What happened next is Telluride’s version of the American Dream. Speed met three young men who also had lots of time to ski and no solid plans for the future: Mike Friedman, known as “Friegle”; Mark Frankman, a.k.a. “Frankie”; and Dave Bush. Bush and Speed—nicknamed for his slothfulness as a house painter—had what he calls “the coolest ski bum job there is”: cleaning the ski area’s Day Lodge (now Big Billies) at night. “It took about two hours to clean, but we usually sat down there for another hour eating, drinking and watching T.V., and I got a free ski pass.”
Soon he and Bush were cleaning Gorrono Restaurant, too. After sprucing up Gorrono, they would ski in the dark to clean the Day Lodge. Frankman was a cook there, and the three of them became friends and started skiing off piste together. “I used to get my pass pulled for skiing out of bounds on the ski area. This was back in the old days when you’d get busted for skiing Mammoth. The only runs that were open on the front were the Plunge, Stairs and Coonskin.

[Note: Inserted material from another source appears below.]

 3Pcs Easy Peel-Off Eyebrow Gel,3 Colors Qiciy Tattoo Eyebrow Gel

That’s when I took up backcountry skiing, because I couldn’t not go skiing for a week.” Friedman showed up to work at the Day Lodge as a bus boy and soon joined the threesome on their ski forays. “Back then it was Alfa boots, really skinny skis and three-pin bindings. We’d go back to Prospect Basin where nobody could see us and practice our skiing,” Friedman says. But he, as it turns out, knew a little more than the other three. “Friegle was this total snow geek,” says Speed. “He knew how to dig snow pits, and he started teaching us about route finding and avalanches.”
It wasn’t long before the foursome decided to form a backcountry ski-guiding outfit. “We spent a winter putting our business plan together. That spring, Friedman, Jane and I were touring in Utah, and the Wasatch Powder Birds flew over us and Friegle says, ‘One of these days, we’re going to have a helicopter in Telluride.’ Jane and I were, like, come on, we’re not going to have a helicopter.” Sure enough, the next year Friedman wrote an operating plan. They found a pilot in Montrose, raised money, and in 1983 took their first clients heli skiing.

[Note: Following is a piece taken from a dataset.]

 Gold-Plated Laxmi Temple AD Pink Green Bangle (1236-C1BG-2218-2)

Though the original foursome sold Telluride Helitrax in 1999, Speed remains the oldest and longest working guide. “I love it,” says the fit 55 year old. “I always have been a powder-skiing junkie, and this is a good way to get my fix.
The San Juan snowpack is famous for its instability. Helitrax has never had a client buried in an avalanche and has had only one serious problem with the helicopter. “I was in Denver when I heard the helicopter crashed, and all I could think was, I guess I shouldn’t leave those boys alone,” Speed says with a smile. Fortunately there were no fatalities in the crash.
“It’s not that I love it because it’s dangerous or because I think it is a glory job. It’s a good job for a person who understands what they’re up against. It’s not a good job for somebody who doesn’t see the danger that is out there. You have to be prepared for the worst at any given moment. Most of the time, I’m busy thinking about where we’re skiing next, what the weather’s doing and how my guests are.”
Avalanche forecaster Jerry Roberts has known Speed for more than 20 years and calls him the consummate backcountry skier and guide. “He keeps neurotic notebooks. Every time he goes out, he writes the snow conditions down. He lives with a healthy paranoia that doesn’t overwhelm him, but he picks up things that most people don’t see. He can tell so much about snow just by feeling it and being aware of what’s going on around him. He looks for reasons not to ski lines rather than reasons to ski lines.”
“The job isn’t exactly what I’d call safe,” Speed says. “Jane would love it if I quit. As soon as I get down, I call her to let her know that I’m back.” Jane, too, has a nickname: St. Jane. Apparently putting up with Speed is more difficult than any of us know.
Speed and Jane are making slow plans to retire to Cortez. But he doesn’t see himself ever leaving skiing—or Helitrax. “As long as I’m physically able to ski, I’ll be at Helitrax,” he says. “And if I still love it at 65, I’ll be sitting here with some other reporter, telling some more lies.”